1989 Concerto by Robert Simpson

The Flute Concerto by Robert Simpson was composed in 1989 and dedicated to Susan Milan, the flautist who commissioned the work and gave its premiere in May 1992 at the Malvern Festival with the City of London Sinfonia conducted by Richard Hickox.

==Form==
The work is in one movement with a running time of approximately twenty-five minutes. The orchestra used by Simpson is a small one, with seven woodwind players, two horns, timpani and strings. The work can broadly be divided into three distinct parts:

===Allegretto===
In a 6/8 meter, the work begins with a phrase from muted first violins that forms the basis of the entire work. The shape given out by the sequence of intervals present in A - B - C♯ - D♯ - D - D♯ - B - C - D is developed throughout the entire one movement structure. The flute enters several bars later with a variation on this phrase with light accompaniment from the orchestra, often consisting of just a single line with the dynamic level remaining at pianissimo for a considerable period of time. After several minutes a climax is reached, leading into a brief secondary part of the Allegretto where the tempo remains the same but the meter is changed to common time. Gradually the music becomes more agitated before breaking away into the following section, Allegro non troppo.

===Allegro non troppo===
A one-in-a-bar scherzo, it begins softly with strings before the flute enters, accompanied by chamber-like subdued textures from the orchestra. The soloist has dialogue with both the woodwinds and the timpani during this section, giving the impression of dry wit. This section too climaxes near its end, before ending softly and mysteriously, leading into the final Adagio.

===Adagio===
The strings introduce the Adagio, its mood contemplative and introspective (reminiscent of some of the slow string writing in Simpson's Ninth Symphony and later string quartets).
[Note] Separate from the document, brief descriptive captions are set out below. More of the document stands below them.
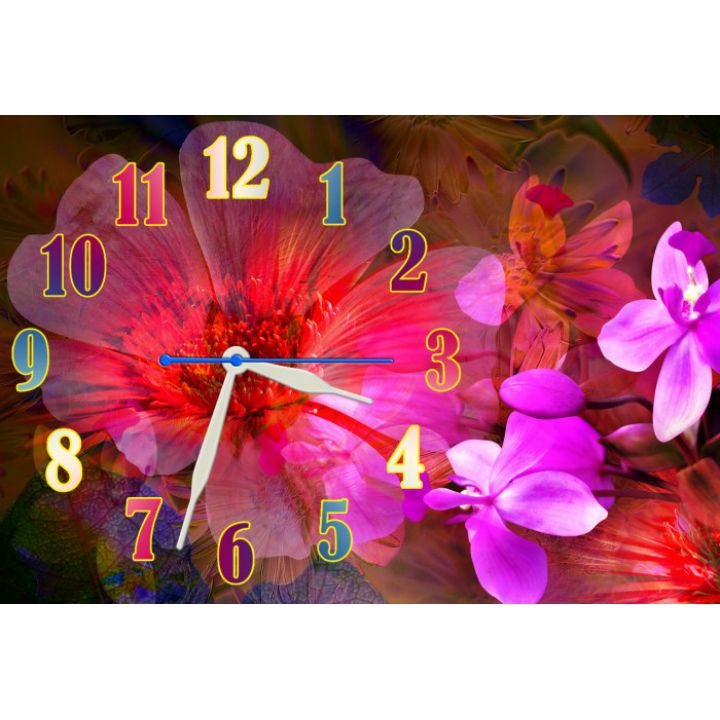 Настенные часы Цветок 68986, 30х45 см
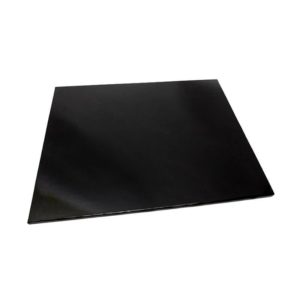 15" Black Square Masonite Cake Boards - Bulk 10 Pack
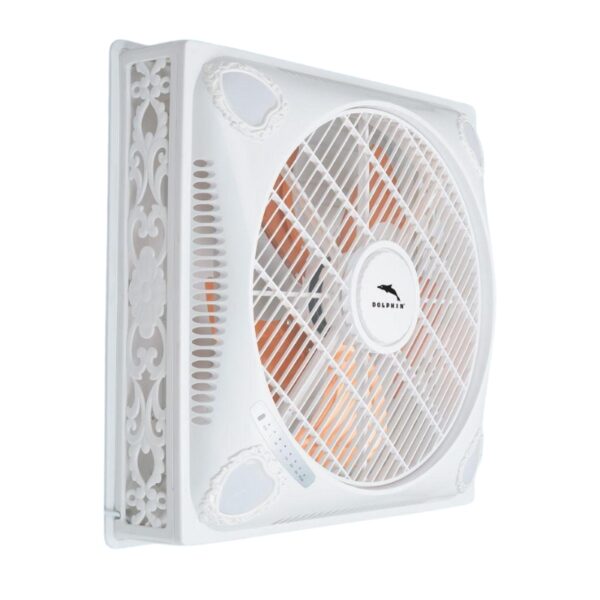 Dolphin Surface Ceiling Fan 18'' 100W 60x60 3 Speeds 4 LED Lights 6HR Timer ME-1825
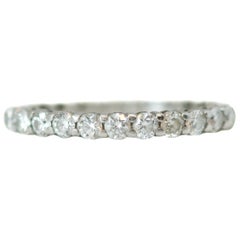 Tiffany & Co. Embrace Diamond and Platinum Eternity Band Ring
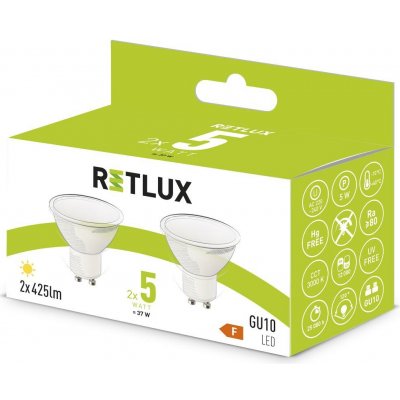 Retlux REL 36 Sada LED reflektor žárovek 5W GU10 teplá bílá – Zboží Dáma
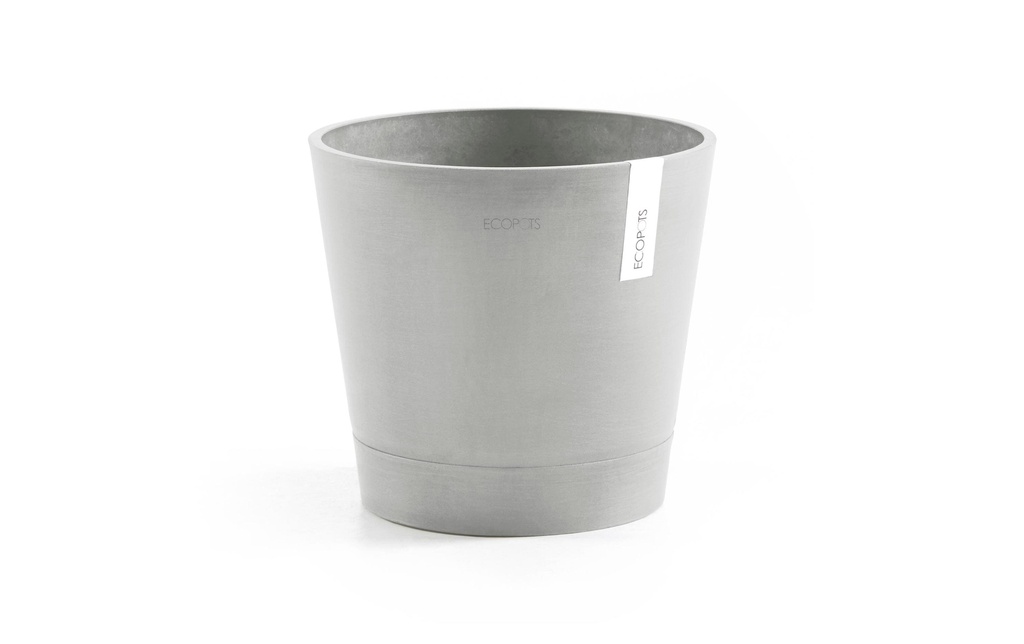 Ecopots Pot à fleur Venice 40, Gris clair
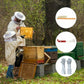 Beekeeping protective suit set with hooded veil, brush tool, and gloves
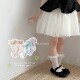 女童袜子夏薄款 无骨网眼袜韩系花边公主袜儿童短袜纯棉宝宝小腿袜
The flute and woodwinds take over this theme in turn. After a passage accompanied by divided cellos, the work reaches its final, extended climax as the flautist is instructed to sit with the string soloists for the very final part of the piece where the conductor is required to sit out. The last five minutes are essentially chamber music - the flute and string soloists forming a quintet, closing peacefully.